Court sides with student detained by Trump’s deportation thugs
President Donald Trump suffered a loss Wednesday in his attack on the First, Fifth, and Fourteenth Amendments. A three-judge panel from the 2nd U.S. Circuit Court of Appeals in New York ruled that his administration cannot continue to detain Tufts University doctoral student Rümeysa Öztürk in a Louisiana correctional facility and must transfer her back to Vermont by May 14.
“The District of Vermont is likely the proper venue to adjudicate Öztürk’s habeas petition because, at the time she filed, she was physically in Vermont and her immediate custodian was unknown,” the court wrote in its ruling.
Öztürk is one of several high-profile cases that legal experts and civil rights activists justifiably characterize as unconstitutional arrests carried out by thugs in Trump’s Department of Homeland Security. These detentions are emblematic of a broader campaign targeting international college students as so-called foreign threats, without due process or credible evidence.
The administration has claimed it sent students like Öztürk to Louisiana due to a lack of space in local facilities where they were arrested—a claim a federal court in Massachusetts found dubious after pointing out there was space in facilities much closer to where she was detained.
Experts believe the Trump administration’s actual motive for using states like Louisiana to detain students is a way to funnel legal appeals through the country’s most conservative, and Trump-appointed, 5th Circuit Court of Appeals—which oversees cases out of Louisiana, Mississippi, and Texas.
Related | ‘It looked like a kidnapping’: Students continue to go missing under Trump
Öztürk was pulled off the street in front of her apartment in what onlookers said “looked like a kidnapping.” ProPublica reported “Surveillance video from March 25 shows her walking to dinner in Somerville, Massachusetts, near the Tufts campus, chatting on the phone with her mother when she is swarmed by six masked plainclothes officers. Öztürk screams.”

Others have faced similar hurdles. On Tuesday, Mahmoud Khalil, a former Columbia University student who was pulled from his home in New York City and taken to Louisiana in March, won a legal victory when the 3rd Circuit Court of Appeals rejected the Trump administration’s attempt to appeal an earlier court ruling requiring that his case be heard in New Jersey.

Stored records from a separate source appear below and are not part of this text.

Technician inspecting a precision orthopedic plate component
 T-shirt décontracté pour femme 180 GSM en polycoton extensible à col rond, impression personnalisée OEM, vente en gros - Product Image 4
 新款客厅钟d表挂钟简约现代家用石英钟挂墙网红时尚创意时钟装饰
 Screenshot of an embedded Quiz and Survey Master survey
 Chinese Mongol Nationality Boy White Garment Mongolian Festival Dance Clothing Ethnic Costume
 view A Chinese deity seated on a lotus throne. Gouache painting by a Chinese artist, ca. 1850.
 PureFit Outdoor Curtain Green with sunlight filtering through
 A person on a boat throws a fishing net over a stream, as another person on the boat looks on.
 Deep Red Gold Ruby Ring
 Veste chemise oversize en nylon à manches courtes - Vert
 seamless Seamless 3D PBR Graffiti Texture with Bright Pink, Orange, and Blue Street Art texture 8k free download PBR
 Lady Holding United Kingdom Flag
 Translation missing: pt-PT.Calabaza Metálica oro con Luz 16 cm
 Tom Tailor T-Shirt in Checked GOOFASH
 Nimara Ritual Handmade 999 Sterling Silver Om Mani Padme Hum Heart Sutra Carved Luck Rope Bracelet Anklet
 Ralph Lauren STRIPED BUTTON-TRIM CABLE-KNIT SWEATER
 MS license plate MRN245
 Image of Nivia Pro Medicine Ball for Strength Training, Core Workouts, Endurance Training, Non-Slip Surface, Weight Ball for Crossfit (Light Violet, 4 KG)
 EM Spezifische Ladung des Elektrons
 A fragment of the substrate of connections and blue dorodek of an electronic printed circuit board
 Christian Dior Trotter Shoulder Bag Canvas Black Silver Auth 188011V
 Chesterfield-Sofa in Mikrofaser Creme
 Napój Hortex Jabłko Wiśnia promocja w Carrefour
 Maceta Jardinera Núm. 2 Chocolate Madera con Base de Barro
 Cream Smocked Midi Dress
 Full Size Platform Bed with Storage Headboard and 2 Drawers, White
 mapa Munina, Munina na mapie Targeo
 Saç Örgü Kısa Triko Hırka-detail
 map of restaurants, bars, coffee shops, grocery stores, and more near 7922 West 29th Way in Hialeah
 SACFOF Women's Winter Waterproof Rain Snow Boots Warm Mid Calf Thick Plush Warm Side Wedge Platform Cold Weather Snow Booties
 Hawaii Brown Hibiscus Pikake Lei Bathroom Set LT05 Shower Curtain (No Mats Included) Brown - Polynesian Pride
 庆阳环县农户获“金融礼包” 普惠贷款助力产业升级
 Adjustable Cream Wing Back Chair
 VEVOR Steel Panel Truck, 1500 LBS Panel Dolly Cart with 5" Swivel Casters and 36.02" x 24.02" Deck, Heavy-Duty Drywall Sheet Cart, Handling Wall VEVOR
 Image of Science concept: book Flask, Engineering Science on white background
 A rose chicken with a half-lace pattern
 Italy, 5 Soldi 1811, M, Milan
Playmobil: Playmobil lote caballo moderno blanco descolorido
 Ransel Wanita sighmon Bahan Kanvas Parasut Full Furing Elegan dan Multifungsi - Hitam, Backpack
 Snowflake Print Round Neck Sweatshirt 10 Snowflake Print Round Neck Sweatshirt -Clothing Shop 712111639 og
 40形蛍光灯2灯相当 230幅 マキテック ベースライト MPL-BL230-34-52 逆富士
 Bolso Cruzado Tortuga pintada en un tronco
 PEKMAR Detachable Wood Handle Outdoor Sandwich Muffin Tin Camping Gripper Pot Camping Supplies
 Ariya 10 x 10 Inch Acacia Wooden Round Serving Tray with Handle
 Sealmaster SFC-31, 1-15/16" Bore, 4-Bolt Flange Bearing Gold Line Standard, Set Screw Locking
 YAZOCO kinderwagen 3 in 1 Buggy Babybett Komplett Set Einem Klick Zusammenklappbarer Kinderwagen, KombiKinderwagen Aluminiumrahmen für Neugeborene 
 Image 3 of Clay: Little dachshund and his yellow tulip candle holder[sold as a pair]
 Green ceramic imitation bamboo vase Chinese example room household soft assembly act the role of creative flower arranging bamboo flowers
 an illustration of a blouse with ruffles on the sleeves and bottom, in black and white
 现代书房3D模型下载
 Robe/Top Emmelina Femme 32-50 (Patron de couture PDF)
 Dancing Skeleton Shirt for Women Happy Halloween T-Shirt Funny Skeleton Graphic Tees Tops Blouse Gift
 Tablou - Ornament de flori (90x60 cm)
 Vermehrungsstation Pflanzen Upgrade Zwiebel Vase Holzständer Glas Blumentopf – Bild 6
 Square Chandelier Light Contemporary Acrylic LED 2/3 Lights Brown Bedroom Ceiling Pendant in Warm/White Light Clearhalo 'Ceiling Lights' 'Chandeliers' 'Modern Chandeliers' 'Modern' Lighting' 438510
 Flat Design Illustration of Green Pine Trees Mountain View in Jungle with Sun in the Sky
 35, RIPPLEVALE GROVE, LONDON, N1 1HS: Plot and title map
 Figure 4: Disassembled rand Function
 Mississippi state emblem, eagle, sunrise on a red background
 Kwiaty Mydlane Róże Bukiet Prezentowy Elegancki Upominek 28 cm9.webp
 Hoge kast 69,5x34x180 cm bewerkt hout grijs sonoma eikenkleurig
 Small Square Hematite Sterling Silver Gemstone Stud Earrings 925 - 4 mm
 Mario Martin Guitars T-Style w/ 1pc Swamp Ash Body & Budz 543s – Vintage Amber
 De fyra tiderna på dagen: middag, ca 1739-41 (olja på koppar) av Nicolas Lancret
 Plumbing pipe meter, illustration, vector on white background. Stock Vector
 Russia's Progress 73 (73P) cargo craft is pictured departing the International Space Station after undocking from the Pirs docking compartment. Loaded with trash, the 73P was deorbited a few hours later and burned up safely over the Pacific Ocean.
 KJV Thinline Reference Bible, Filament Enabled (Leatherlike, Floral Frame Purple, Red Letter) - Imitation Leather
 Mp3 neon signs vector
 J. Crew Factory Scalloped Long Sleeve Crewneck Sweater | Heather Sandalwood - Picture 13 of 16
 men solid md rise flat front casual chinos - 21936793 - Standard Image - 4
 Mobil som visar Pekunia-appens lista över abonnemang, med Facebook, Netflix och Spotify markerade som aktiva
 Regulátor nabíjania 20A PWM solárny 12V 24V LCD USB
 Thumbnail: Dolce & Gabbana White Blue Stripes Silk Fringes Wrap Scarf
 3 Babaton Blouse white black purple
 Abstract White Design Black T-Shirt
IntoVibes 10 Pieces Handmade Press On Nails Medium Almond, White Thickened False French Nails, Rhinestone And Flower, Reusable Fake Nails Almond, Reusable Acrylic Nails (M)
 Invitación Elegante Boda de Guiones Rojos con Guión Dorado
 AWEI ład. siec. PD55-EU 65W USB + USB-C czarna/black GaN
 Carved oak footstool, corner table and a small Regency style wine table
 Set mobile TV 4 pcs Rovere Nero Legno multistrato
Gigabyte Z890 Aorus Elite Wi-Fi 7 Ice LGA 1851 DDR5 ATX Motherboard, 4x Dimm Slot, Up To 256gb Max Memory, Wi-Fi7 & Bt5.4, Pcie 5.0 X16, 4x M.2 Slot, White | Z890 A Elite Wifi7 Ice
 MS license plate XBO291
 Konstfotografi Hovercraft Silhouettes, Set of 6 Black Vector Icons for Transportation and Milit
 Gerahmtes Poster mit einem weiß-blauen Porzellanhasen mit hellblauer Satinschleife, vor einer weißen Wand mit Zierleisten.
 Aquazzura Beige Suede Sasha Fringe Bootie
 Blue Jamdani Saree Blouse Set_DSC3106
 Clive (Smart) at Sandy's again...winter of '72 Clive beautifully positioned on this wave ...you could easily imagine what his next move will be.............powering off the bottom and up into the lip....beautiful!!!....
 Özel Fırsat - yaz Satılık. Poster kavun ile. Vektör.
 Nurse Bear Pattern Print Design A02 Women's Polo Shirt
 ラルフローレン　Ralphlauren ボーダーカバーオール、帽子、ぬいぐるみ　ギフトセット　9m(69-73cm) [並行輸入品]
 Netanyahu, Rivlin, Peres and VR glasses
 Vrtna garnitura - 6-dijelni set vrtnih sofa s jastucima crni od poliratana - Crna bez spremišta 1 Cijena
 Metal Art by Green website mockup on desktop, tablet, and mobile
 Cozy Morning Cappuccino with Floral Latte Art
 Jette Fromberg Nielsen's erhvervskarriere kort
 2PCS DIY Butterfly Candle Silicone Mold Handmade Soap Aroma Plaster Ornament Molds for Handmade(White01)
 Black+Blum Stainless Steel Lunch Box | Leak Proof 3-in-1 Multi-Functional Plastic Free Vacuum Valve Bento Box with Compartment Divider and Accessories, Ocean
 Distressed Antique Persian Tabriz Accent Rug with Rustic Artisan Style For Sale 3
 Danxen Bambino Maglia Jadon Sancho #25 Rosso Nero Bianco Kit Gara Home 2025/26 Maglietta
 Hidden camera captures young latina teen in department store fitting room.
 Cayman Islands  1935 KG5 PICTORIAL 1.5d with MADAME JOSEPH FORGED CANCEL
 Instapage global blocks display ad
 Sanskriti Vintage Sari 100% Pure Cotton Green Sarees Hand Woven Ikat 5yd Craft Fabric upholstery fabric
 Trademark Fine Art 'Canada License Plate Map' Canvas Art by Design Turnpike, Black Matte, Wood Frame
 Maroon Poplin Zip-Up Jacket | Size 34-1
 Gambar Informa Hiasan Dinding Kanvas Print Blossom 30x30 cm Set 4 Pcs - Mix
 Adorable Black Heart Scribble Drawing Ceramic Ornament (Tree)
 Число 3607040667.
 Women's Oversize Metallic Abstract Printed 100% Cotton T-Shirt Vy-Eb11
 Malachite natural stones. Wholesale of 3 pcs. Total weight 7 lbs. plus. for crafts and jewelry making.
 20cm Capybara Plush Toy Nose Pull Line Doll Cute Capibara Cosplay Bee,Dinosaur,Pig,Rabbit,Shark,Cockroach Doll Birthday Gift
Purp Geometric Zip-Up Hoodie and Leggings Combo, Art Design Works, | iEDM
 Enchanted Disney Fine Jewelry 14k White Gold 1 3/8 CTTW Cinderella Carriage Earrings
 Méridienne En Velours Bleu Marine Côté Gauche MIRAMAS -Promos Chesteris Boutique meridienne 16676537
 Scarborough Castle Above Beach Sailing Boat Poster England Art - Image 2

Also on Tuesday, U.S. District Judge Patricia Tolliver Giles ruled that Georgetown University researcher Badar Khan Suri, arrested at his Arlington County home and sent to a facility in Texas by Immigration and Customs Enforcement officials, must have his case heard in Virginia.
And at the end of April, Mohsen Mahdawi, another Columbia student was released from Homeland Security custody in Vermont, while the Trump administration scrambles to create a case for his deportation. Like the others targeted by the Trump administration, Mahdawi has been living in the United States legally while going through the immigration process.
The judicial pushback against the Trump administration’s authoritarian attempts to throw out the Constitution is heartening but the fight is far from over.